Paolo Borsellino era consapevole che sarebbe stato la prossima vittima designata e per questo sentiva l’urgenza morale e professionale di portare avanti fin dove possibile il lavoro intrapreso insieme all’amico e collega Giovanni Falcone per scoperchiare i traffici di “cosa nostra” e le sue collusioni politico-istituzionali. “Devo fare in fretta: ora tocca a me”. In quei 57 giorni, dal 23 maggio al 19 luglio 1992, non si fermò mai. Lavorò senza sosta, freneticamente, consapevole di essere protagonista di una feroce lotta contro il tempo. 

Lo fermarono con la violenza inaudita propria della criminalità organizzata, colpendolo sotto casa della madre, devastando lui e i suoi più intimi affetti.

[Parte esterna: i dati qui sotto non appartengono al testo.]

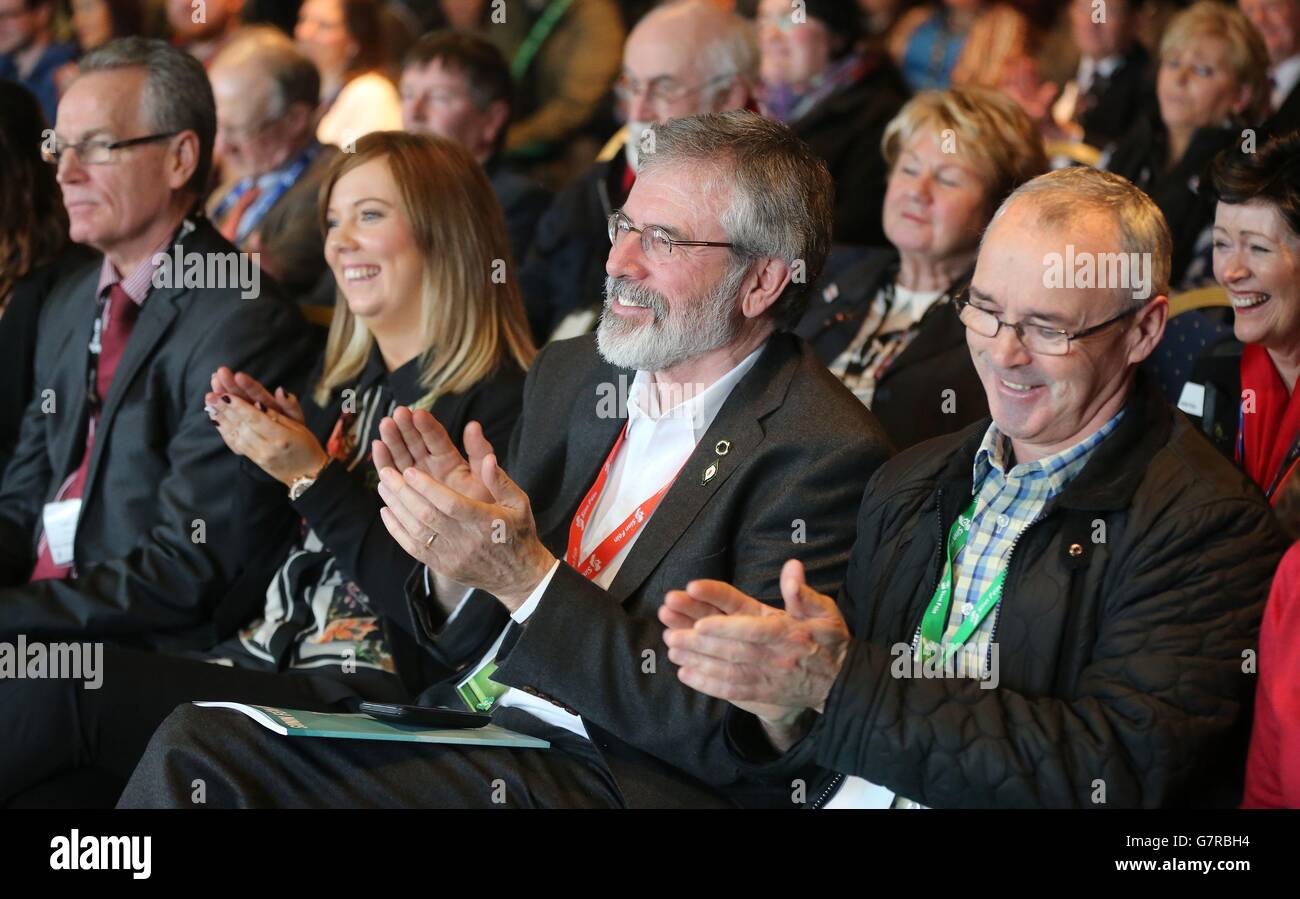 Sinn Fein's Gerry Adams (2. Rechts) und Gerry Kelly (links) besuchen eine Ansprache von loyalistischen Bandsmännern während eines Randtreffens der Sinn Fein ARD Fheis im Millenium Forum, Londonderry. Stockfoto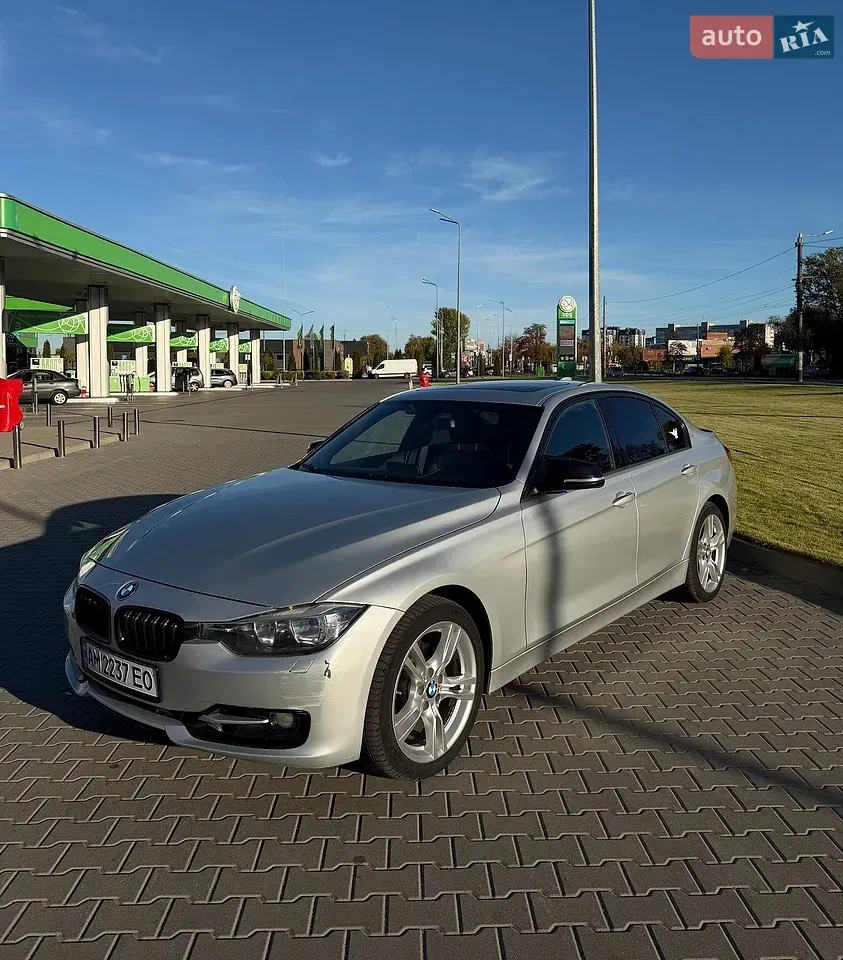 BMW 3 Series 2015 photo 2
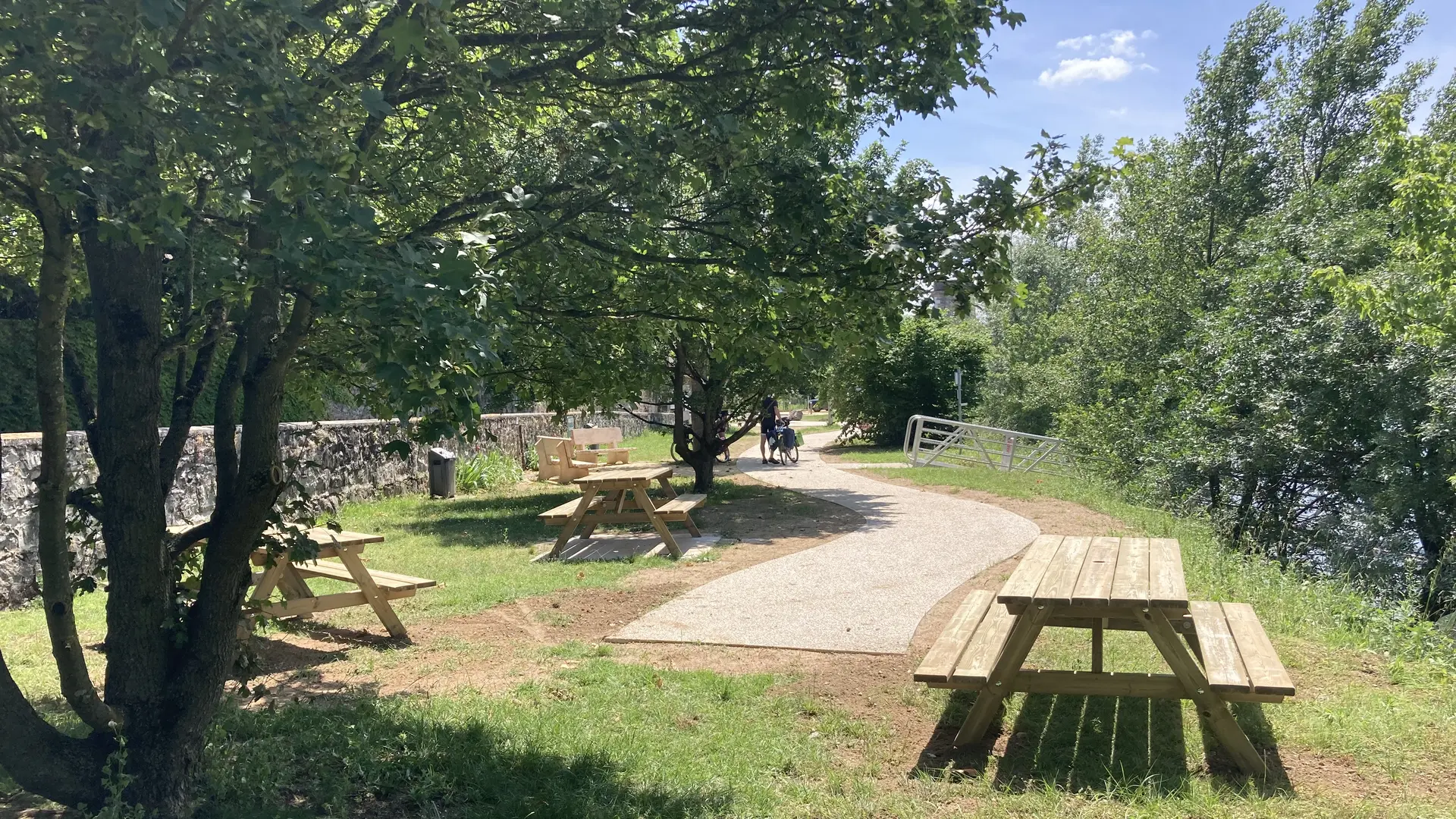 Aire de pique nique à Andancette au bord de la Viarhôna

Sono passati trentadue anni dall’esplosione che uccise Paolo Borsellino e cinque agenti della scorta: Emanuela Loi, Agostino Catalano, Claudio Traina, Vincenzo Li Muli ed Eddie Walter Cosina.  

Borsellino disse: “Forse saranno mafiosi quelli che materialmente mi uccideranno, ma quelli che avranno voluto la mia morte saranno altri”. Ancora oggi aspettiamo verità e giustizia!